#### PROBLEM REQUIREMENTS
The line that contains "Bmw s1000r del 2018 con km 30000 circa" marks the start. Please set it down, with every later line of the data, exactly and without pictures.

#### COLLECTED MATERIAL
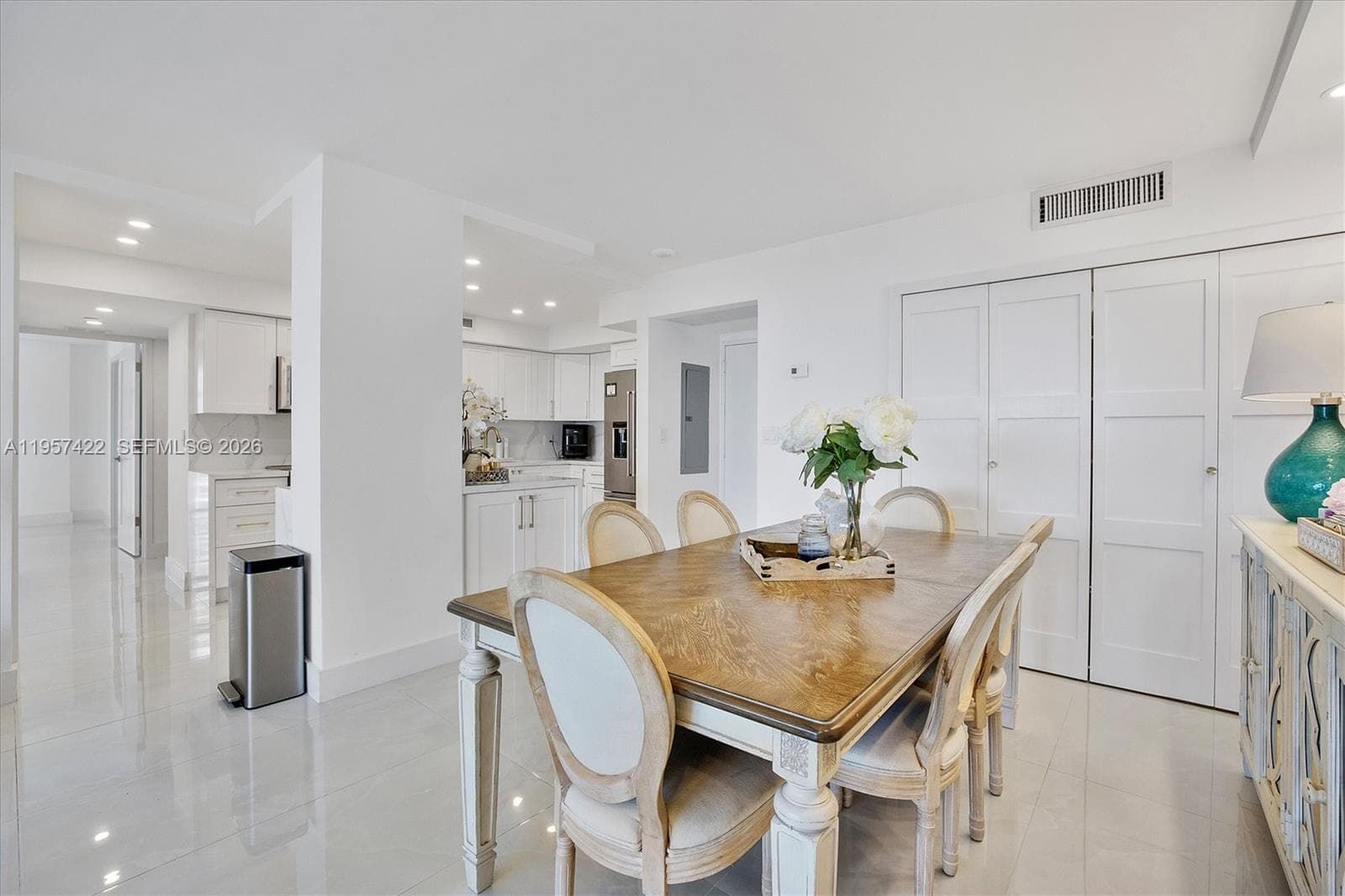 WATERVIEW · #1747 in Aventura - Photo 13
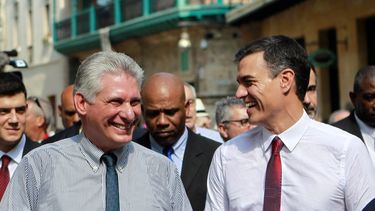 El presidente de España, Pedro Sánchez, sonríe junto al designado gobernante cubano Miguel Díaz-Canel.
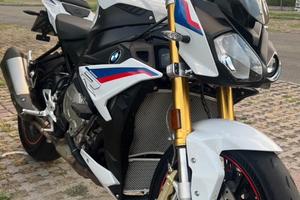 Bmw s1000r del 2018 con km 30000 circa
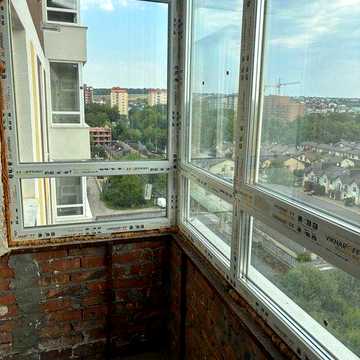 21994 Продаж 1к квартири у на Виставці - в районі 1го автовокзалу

#### TASK RESULT
 Bmw s1000r del 2018 con km 30000 circa
 21994 Продаж 1к квартири у на Виставці - в районі 1го автовокзалу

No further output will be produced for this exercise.